Die all­ge­mei­ne Fra­ge an ei­nen Stel­len­be­wer­ber, ob ge­gen ihn in den ver­gan­ge­nen Jah­ren Er­mitt­lungs­ver­fah­ren der Staats­an­walt­schaft ge­führt wur­den, ist un­zu­läs­sig: Bun­des­ar­beits­ge­richt, Ur­teil vom 15.11.2012, 6 AZR 339/11
Führt im­mer wie­der zu Streit: Die Aus­kunfts­pflich­ten des Be­wer­bers

15.11.2012. Ar­beit­ge­ber ver­su­chen mit gu­ten Grün­den, in ei­nem Be­wer­bungs­ge­spräch oder mit Hil­fe von Be­wer­ber­fra­ge­bö­gen her­aus­zu­fin­den, ob ein Stel­len­be­wer­ber für die Stel­le ge­eig­net ist oder nicht. Und na­tür­lich möch­te man mit "schwar­zen Scha­fen" kei­nen Ar­beits­ver­trag ab­schlie­ßen.

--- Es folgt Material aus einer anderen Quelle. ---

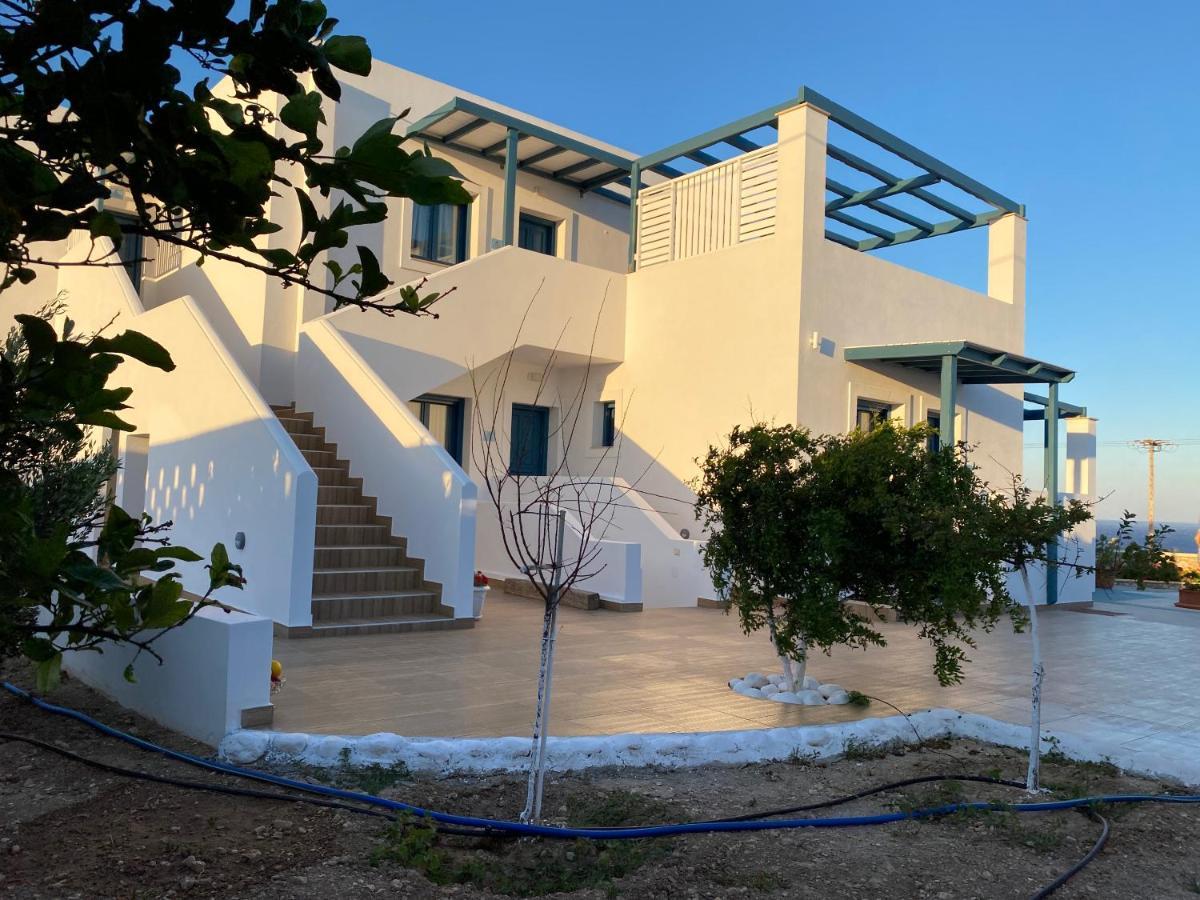 Michail Suites Afiartis Karpathos Ngoại thất bức ảnh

Be­wer­ber mit Vor­stra­fen ha­ben es da­her schwer, ei­ne Stel­le zu be­kom­men. Und da vie­le Be­stra­fun­gen mit der Zu­ver­läs­sig­keit des Be­wer­bers für ei­ne be­stimm­te Stel­le nichts zu tun ha­ben, darf der Ar­beit­ge­ber nur nach "ein­schlä­gi­gen" Vor­stra­fen fra­gen: Ein Kraft­fah­rer darf zu Stra­ßen­ver­kehrs­de­lik­ten be­fragt wer­den, ein Buch­hal­ter zu Ver­mö­gens­de­lik­ten usw.

Die­se Be­schrän­kun­gen der Aus­kunfts­pflicht von Stel­len­be­wer­bern gel­ten na­tür­lich auch für die Fra­ge, ob in der Ver­gan­gen­heit Er­mitt­lungs­ver­fah­ren ge­gen den Be­wer­ber ge­führt wor­den sind. Denn dass die Po­li­zei oder die Staats­an­walt­schaft ein Er­mitt­lungs­ver­fah­ren ge­führt hat, be­sagt für sich ge­nom­men gar nichts, denn sol­che Ver­fah­ren müs­sen auf­grund je­der noch so un­sin­ni­gen Straf­an­zei­ge ge­führt wer­den - und wer­den da­her oft er­geb­nis­los ein­ge­stellt.

Der Ar­beit­ge­ber soll­te es sich da­her im All­ge­mei­nen ver­knei­fen, Be­wer­ber nach Er­mitt­lungs­ver­fah­ren zu be­fra­gen, wie ein heu­te er­gan­ge­nes Ur­teil des Bun­des­ar­beits­ge­richt (BAG) zeigt: BAG, Ur­teil vom 15.11.2012, 6 AZR 339/11.

Müssen Be­wer­ber Fra­gen zu Er­mitt­lungs­ver­fah­ren be­ant­wor­ten, die in der Ver­gan­gen­heit ein­mal ge­gen sie geführt wur­den?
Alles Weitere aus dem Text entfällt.